**Entries shown:**
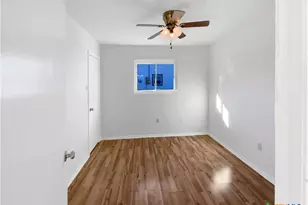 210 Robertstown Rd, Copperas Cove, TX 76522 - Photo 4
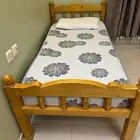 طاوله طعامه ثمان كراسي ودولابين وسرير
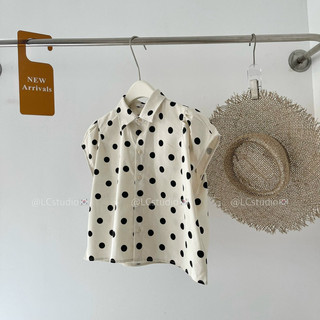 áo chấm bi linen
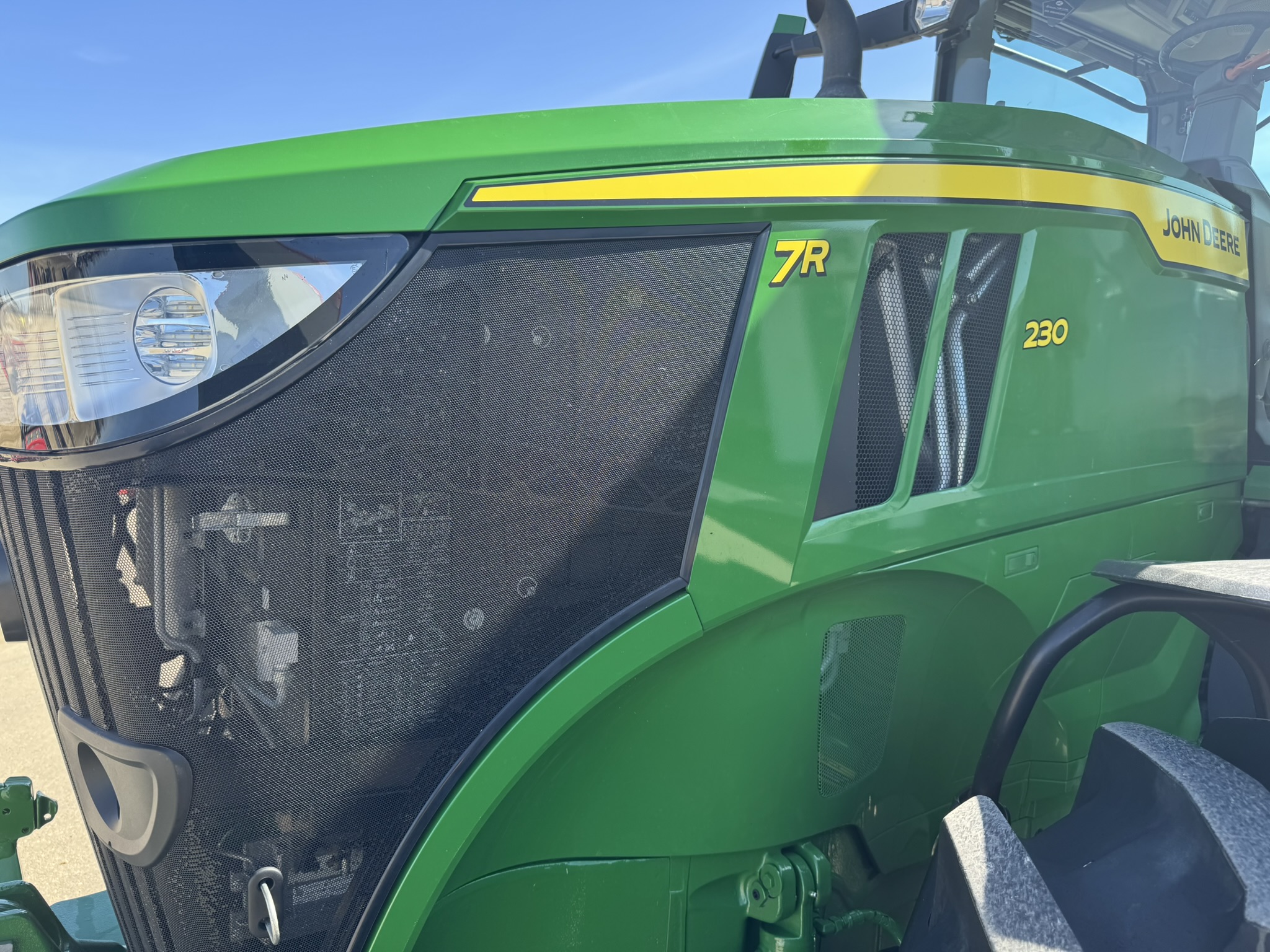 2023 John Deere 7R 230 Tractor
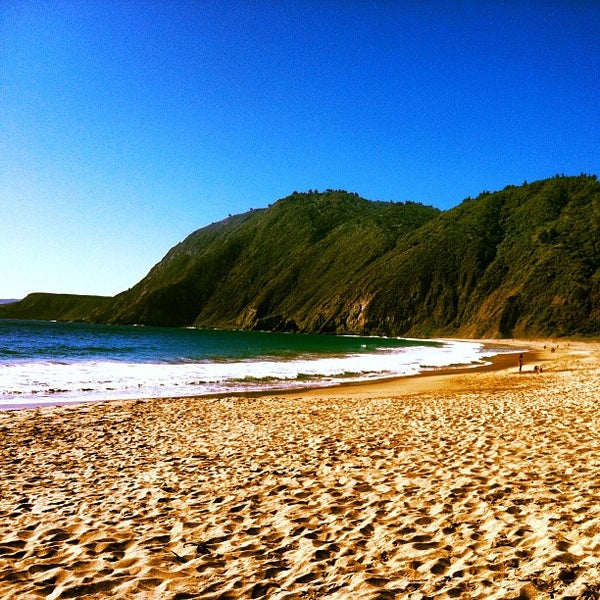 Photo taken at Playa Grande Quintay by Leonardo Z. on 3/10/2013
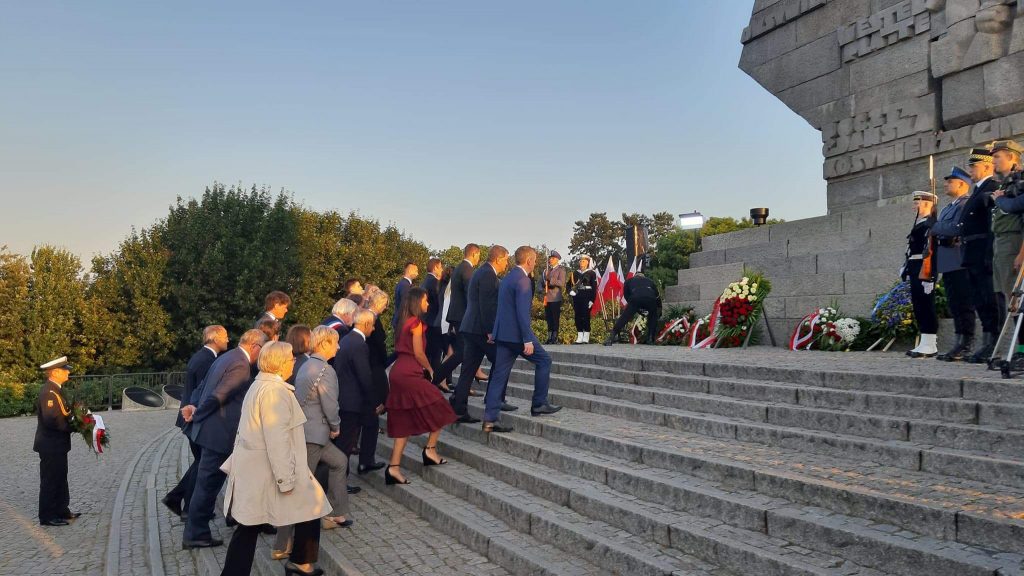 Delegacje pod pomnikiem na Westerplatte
...
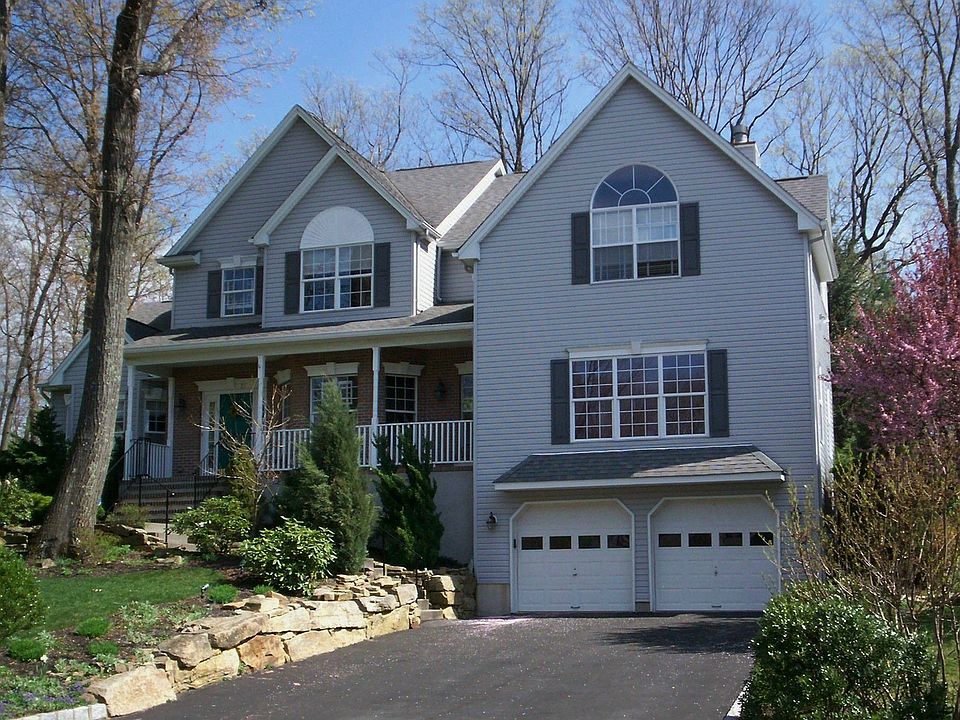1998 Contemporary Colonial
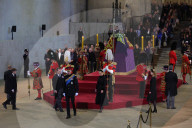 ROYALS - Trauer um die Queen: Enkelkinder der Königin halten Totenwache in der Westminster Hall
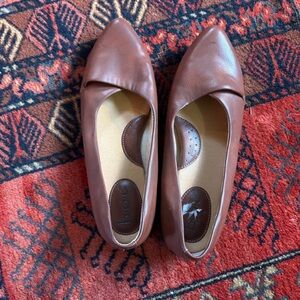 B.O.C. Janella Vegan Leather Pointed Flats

**What to do:** The reply should hold the entries above from the line with "áo chấm bi linen" to the line with "Delegacje pod pomnikiem na Westerplatte", duplicated exactly, pictures excluded.

**Answer to the exercise:**
 áo chấm bi linen
 2023 John Deere 7R 230 Tractor
 Photo taken at Playa Grande Quintay by Leonardo Z. on 3/10/2013
 Delegacje pod pomnikiem na Westerplatte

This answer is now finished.